[Problem details]: Give the records again exactly as written. Leave out the pictures.

[Exercise materials]:

# # # # #

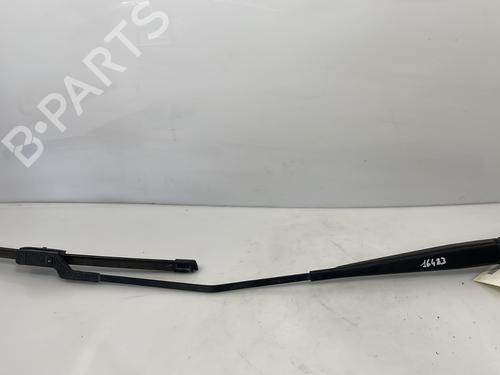 Used Front windshield wiper arm VW GOLF VII (5G1, BQ1, BE1, BE2) 1.4 TSI (140 hp) 27926601
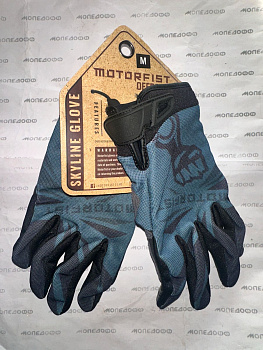 Перчатки Motorfist LG SKYLINE (L)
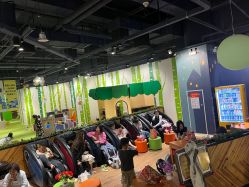 -幻贝家儿童乐园(苏州中心店)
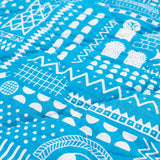 Balloons at Dawn Quilt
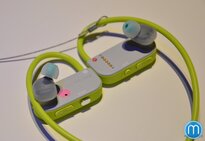 Sony Smart B-Trainer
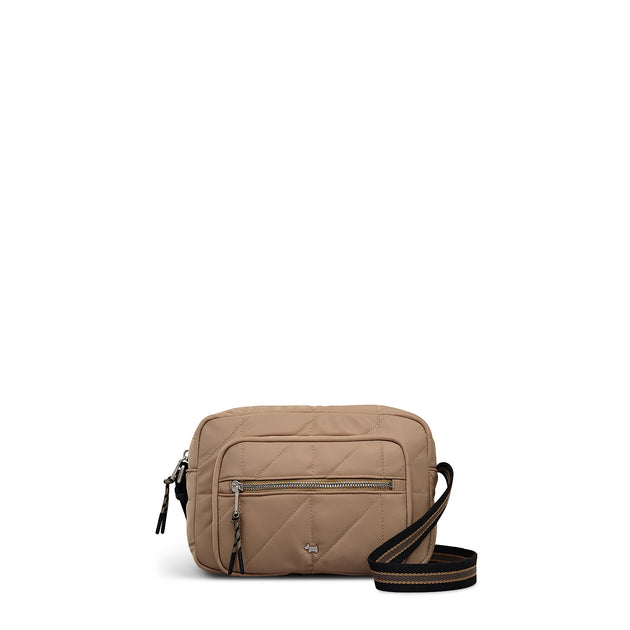 Radley Danesfield Mews Crossbody Bag Black Small 2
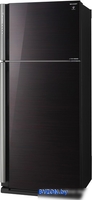 Холодильник Sharp SJ-XP59PGRD - фото2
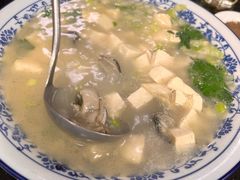 -康平锅贴馆时令海鲜(大润发店)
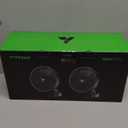 VIVOSUN AeroWave E6 Gen2, Grow Tent Clip Fan 6”, EC Motor, Smart Control, Powerful Oscillating Fan, Local Timer, Weatherproof IP54, for Hydroponics Circulation Cooling, Black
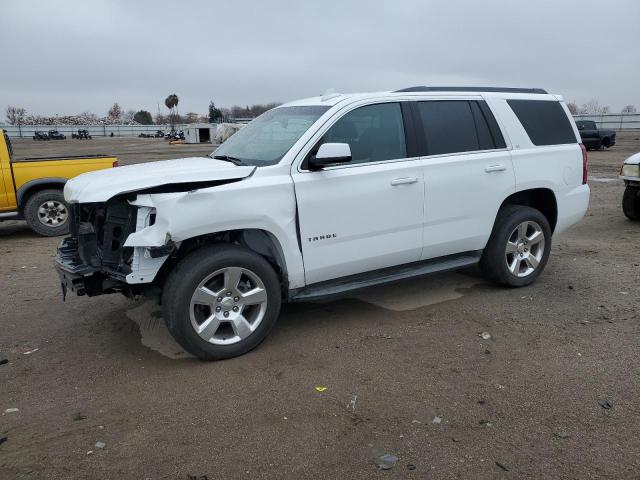 CHEVROLET TAHOE C150 2016 with VIN 1GNSCBKC6GR363032 - Photo from auction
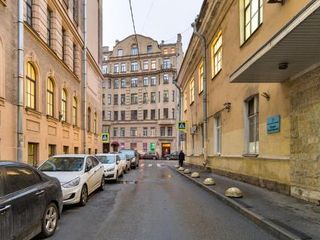 LetoPlace - 3 ROOMS - 6 GUESTS - 61m2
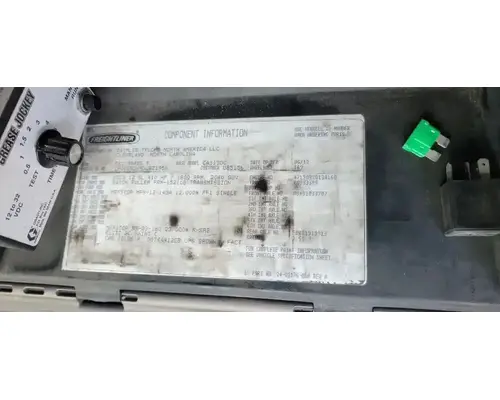 FREIGHTLINER Cascadia 113 Cab Assembly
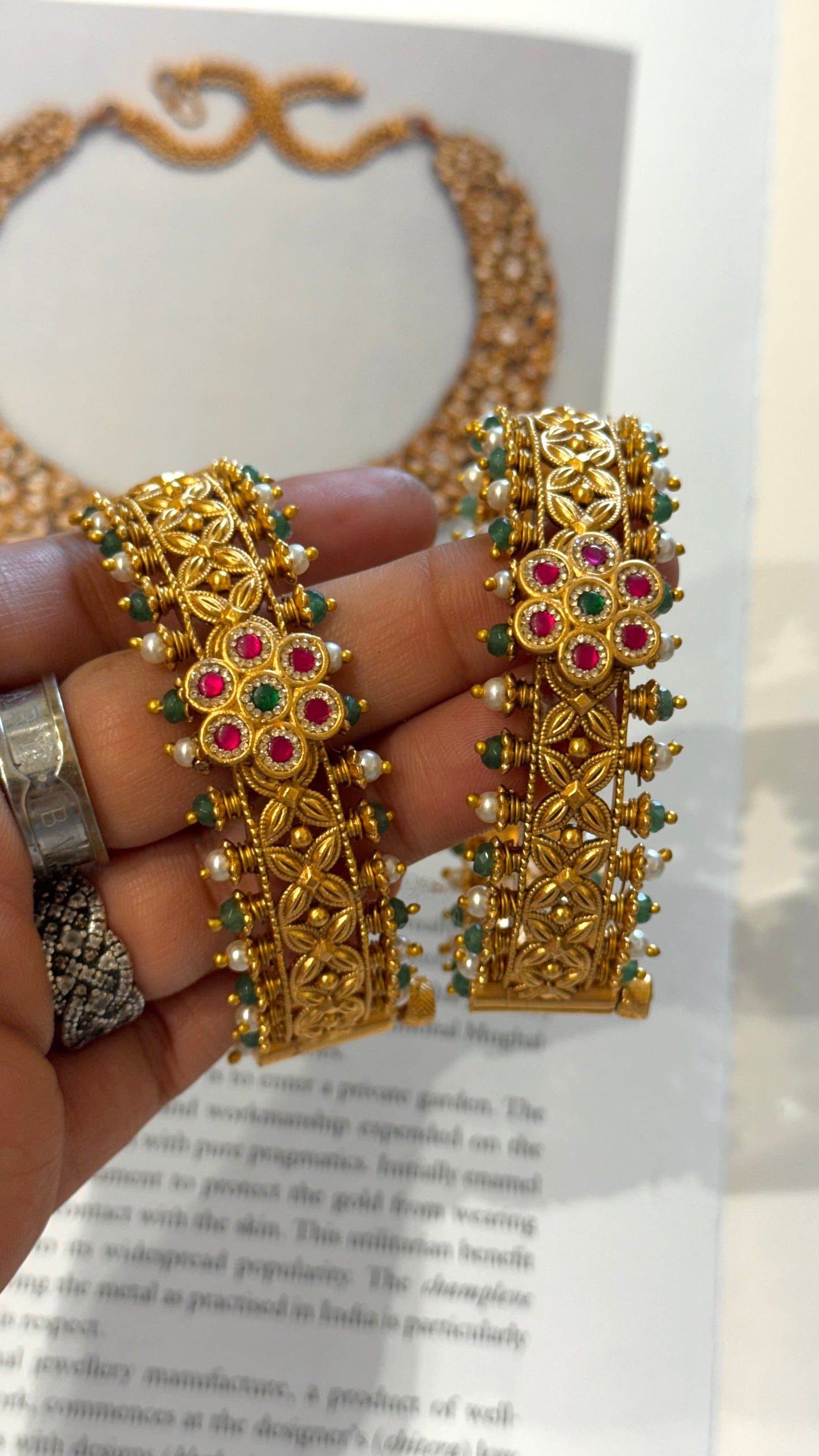 Bangles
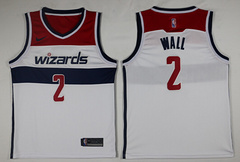 NBA Jersey-175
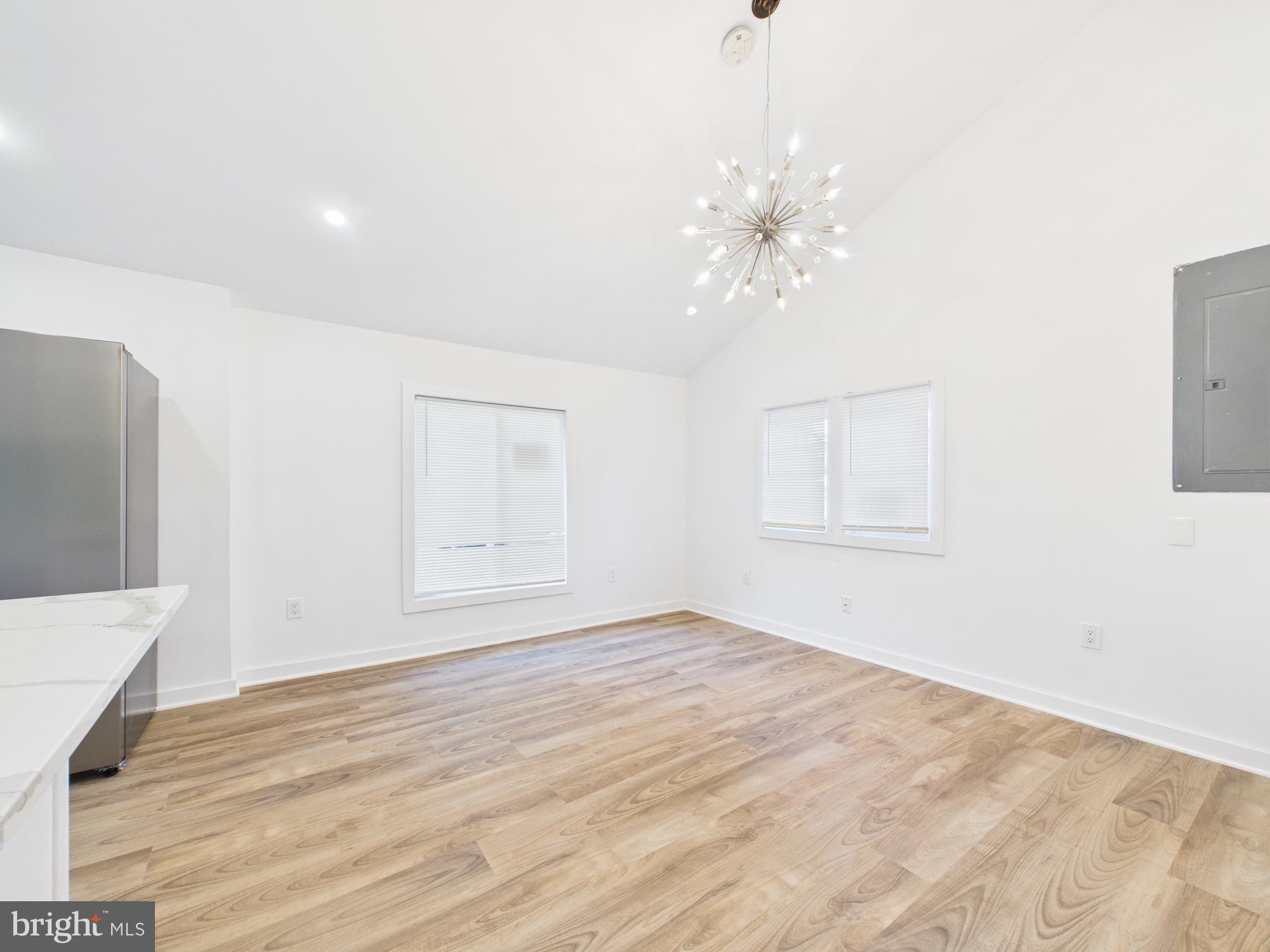 GREATER CAPITOL HEIGHTS - Residential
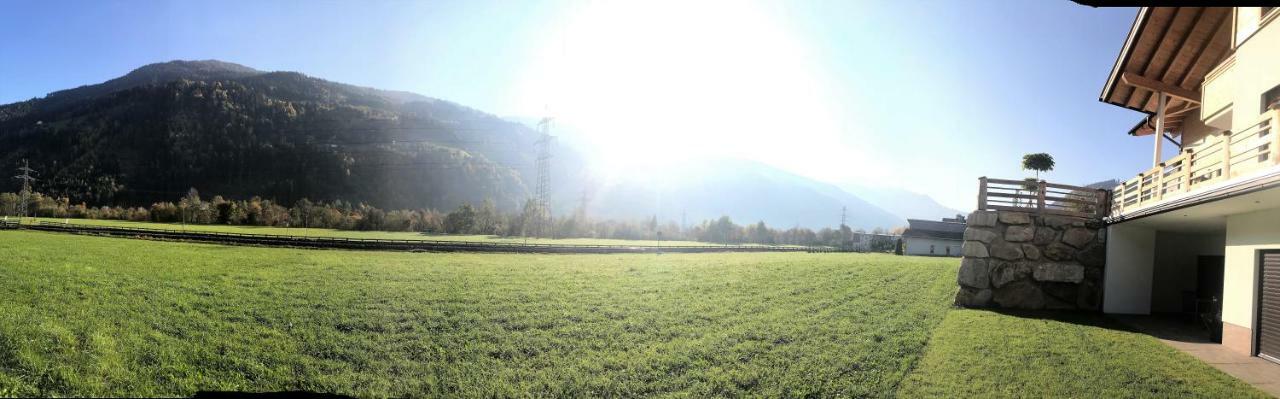 Aschau Im Zillertal Neuhausliving 아파트 외부 사진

# # # # #

[Solution for this exercise]:
 Used Front windshield wiper arm VW GOLF VII (5G1, BQ1, BE1, BE2) 1.4 TSI (140 hp) 27926601
 Перчатки Motorfist LG SKYLINE (L)
 -幻贝家儿童乐园(苏州中心店)
 Balloons at Dawn Quilt
 Sony Smart B-Trainer
 Radley Danesfield Mews Crossbody Bag Black Small 2
 Холодильник Sharp SJ-XP59PGRD - фото2
 -康平锅贴馆时令海鲜(大润发店)
 VIVOSUN AeroWave E6 Gen2, Grow Tent Clip Fan 6”, EC Motor, Smart Control, Powerful Oscillating Fan, Local Timer, Weatherproof IP54, for Hydroponics Circulation Cooling, Black
 CHEVROLET TAHOE C150 2016 with VIN 1GNSCBKC6GR363032 - Photo from auction
 LetoPlace - 3 ROOMS - 6 GUESTS - 61m2
 FREIGHTLINER Cascadia 113 Cab Assembly
 Bangles
 NBA Jersey-175
 GREATER CAPITOL HEIGHTS - Residential
 Aschau Im Zillertal Neuhausliving 아파트 외부 사진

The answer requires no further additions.